A single brow raised pointedly as she continued to look down on the whimpering fool. She considered giving him another well aimed kick of the pump but instead she raised two forefingers in front of her mouth, splayed wide and waggled her tongue at him provocatively. “Better get creative Bill.”


A nervous gulp drank down his throat before giving a submissive nod as his tongue darted out and wiped at the porcelain bowl. The blonde vampiress spun on her heels exciting the disgusting room yelling for her inept assistant, “Ginger! Bring round my car I need to drain a fucking donor!” After all that work Pam really did think she deserved a night on the town, LA sure beat bumfuck, Louisiana. “And a mani-pedi!”


“Did she fall for it,” Sookie whispered to Eric under Pam’s desk.


He listened to the departing clacks of her expensive footwear before giving the affirmative nod.


“Look at us we’re so cute,” she said excitedly holding up their counterpart dolls. It was a mystery to them both why no one recognised that they were clearly the matching set of the lot.


“I’m not cute,” Eric grumbled.


“Handsome then,” she corrected before offering a conciliatory kiss. “Hey you have no penis. It’s just plastic underwear. You never wear underwear.”


“You have no holes,” he complained as he lifted up the dress on the Sookie doll. “How are they supposed to have sex?”


“Well when I was little we just did this,” Sookie said with a small demonstration of writhing dolls.


“That’s ridiculous,” Eric retorted with a roll of his eyes. “Let’s show them how it’s done.”


“Eric,” Sookie hissed. “This is Pam’s office.”


“Exactly,” he returned with a waggle of his brow.


“Oh…” Before managing to give her affirming reply his lips already silenced any sound that would further pass hers. When he finally let her up for some much needed air she managed to stammer out between fleeting moans, “hey Eric how’s the show going to end?”


“Who the fuck cares?” he said between pronounced kisses as his hands travelled all over her body.


“Well I’m curious.”


“We end up together, laughing, fucking and killing the occasional fairy.”


“So pretty much what we do now?” Sookie breathed out.


“Yes,” Eric confirmed. “Who cares how it ends as long as we end up fucking under this table, on top of it against the wall and you know I’m fucking you up against that giant window.”

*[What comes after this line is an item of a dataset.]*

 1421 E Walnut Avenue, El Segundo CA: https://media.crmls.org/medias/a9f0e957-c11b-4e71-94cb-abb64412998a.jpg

“Eri-” her protests were instantly absorbed by his mouth again and her body soon complied with his every wish as his tongue stroked her into submission. While the two eternally insatiable lovers continued their play on the fluorescent pink carpet the intern Frian Fuckner, Bill’s personal recruit, stealthily entered the room and stole away the final script to add to the altered stack he already ‘wrote’. His beady little eyes gleamed with the power he now exerted as he crawled behind his computer and in the cover of darkness wrote what he considered his magnum opus and clicked send, delivering irreparable damage in the end.